Du nord au sud, de l’est à l’oeust, le « Blòf » est chanté à tous les temps et dans toutes les classes sociales en Haïti, pour reprendre ces talents connus et célèbres. Toto Necessité nous dit p « On vit de bluff. C’est que nous bluffions tout lajounen, nan tout lari ! ».
Dans les premières paroles qui suivent, Toto Nécessité propose en dehors de « Tout moun sou manti », la célèbre formule encore très présente dans le vocabulaire populaire et l’imaginaire collectif « Aparans plis blòf egal rezistans ».
Dieu, le seul à qui on ne peut pas bluffer, selon les croyances du chanteur « Toto Necessite », qui persite et signe : « Anba levit, do chire, yap mache ak vèst », « Anba levit, kòl nan kou, yap mache ak vèst”, “Tout moun sou blòff ».
Dans un autre registre, le célèbre album «Kè pòpòz », porté par la formation musicale dans le Rap Kreyòl, des années 90, Original Rap Staff s’est imposé avec le titre « Tout moun sou blòf ».
Défilé des talents, plusieurs voix explorent le sujet à tous les tons. La représentation des différents tableaux qui illustrent les multiples formes de manifestations du « Blòf » est au rendez-vous.
Définitivement « Tout moun sou blòf » rappelle l’un des chanteurs vedettes « Top Adlerman », qui propose dans son propre style ses multiples tonalités vocales pour animer et consacrer le "Bluf". .
Du culte du « Blòf » en Haïti, dans tous les secteurs, notamment dans la religion, ORS aborde ainsi cette histoire du prêtre ou pasteur, qui utilise le bluff comme instrument pour manipuler, influencer et profiter de ses fidèles, a été revisité dans cette chanson populaire. ORS cherche par tous ses talents à réveiller la conscience et à éduquer les masses, avant de conclure : « Tout moun sou blòf. Lè yo bay blòf, son fason pou yo kanpe tòf ».
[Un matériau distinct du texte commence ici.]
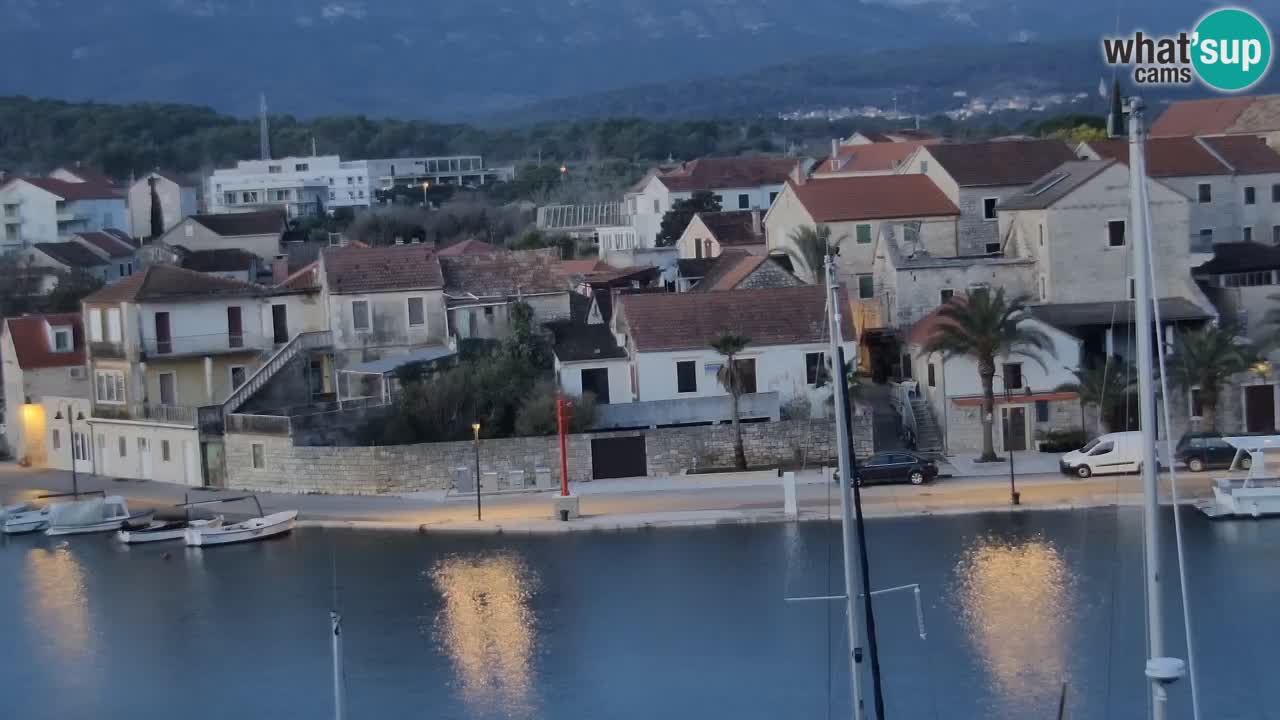 Livecam Vrboska marina | Hvar island | Dalmatia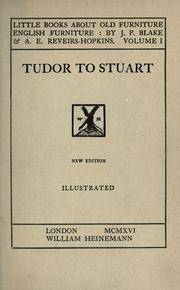 Cover of: Tudor to Stuart by John Percy Blake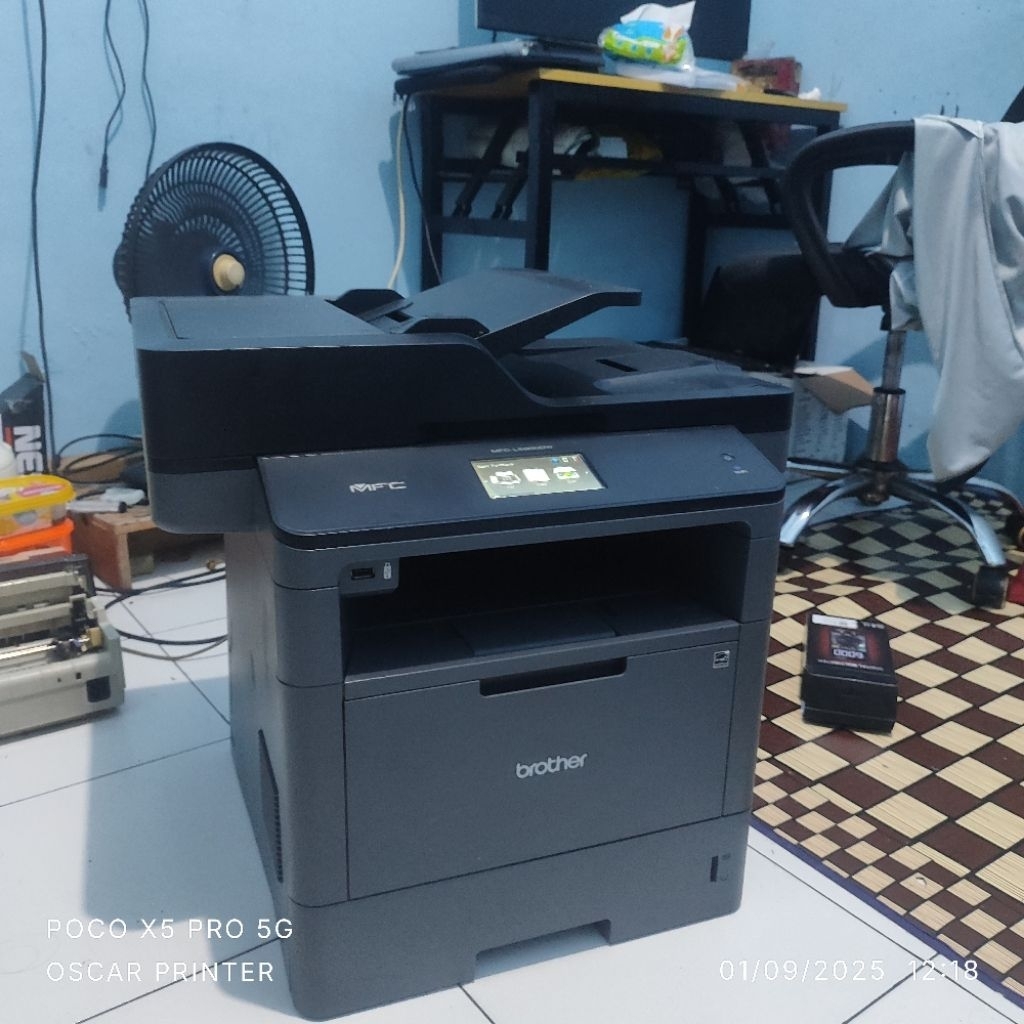 Printer Multifungsi BROTHER MFC L5900DW Wifi Duplex fotocopy kaca F4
Dans les relations amoureuses, le sujet est largement exploré et exposé dans le repertoire de la musique haïtienne.
« Depim damou, yo dim sou blòf ». Dans cette composition musicale de la formation « Feeling », qui porte le titre « Blòf », les musiciens et chanteurs explorent les lignes de la relation amoureuse, au son du « Blòf », dans une célébration des émotions, des sentiments et sensations.
Don Polo, un autre talent en solo, avec la couverture du projet musical qui porte le slogan « Tout moun sou do », expose également son discours autour du thème : « Toujou sou blòf ». Plus proche de nous, le trio de « Khash », à travers le projet « The Intro », offre également ses propres couleurs autour de l’adaptation de « Blòf ».
Derrière ces titre moins célèbres dans le répertoire de la musique haïtienne, le groupe mythique System Band, n’est pas resté indiffèrent dans cette éducation populaire, cette littérature manifeste qui se construit autour du culte du « Blòf ». La chanson « Ou sou blòf », persiste et signe dans les relations amoureuses parmi les meilleures créations.
D’un élan de chœur resigné, les hommes de ce système musical repliquent: « Blòf o, ou sou blòf avèm ».
Durant les années 90, quel melomane ne se souvient pas de ces complaintes masculines, de ce refrain aussi célèbre ? De la deception á l'invitation á l'empathie, on est en face du mauvais perdant qui cherche par tous les moyens à se comparer avec le nouveau élu. Il cherche ainsi á justifier le prolongement de son règne. « Cheri a nèg wap fèm sa, li pan anyen pasem. Gade w kite pou nèg sa men lape maltrete. ».
Dans la liste des classiques de la formation du System Band, on est en droit d’ajouter « Ou sou blòf » dans ce répertoire aussi riche en couleurs sociales et fortement animé par des saveurs poétiques accessibles á tous les goûts.
D’autres formations musicales haïtiennes et des talents poursuivent cette exploration du « Blòf » de différentes manières. Entre les refrains et les slogans, chacun cherche son plaisir, pendant que d'autres continuent de satisfaire leur désir, entre l'être ou le paraître qui portent les marques du « Blòf », l'une des facettes du marronnage, l'un des meilleurs instruments pour perpetuer le culte de la résistance ou de la séduction.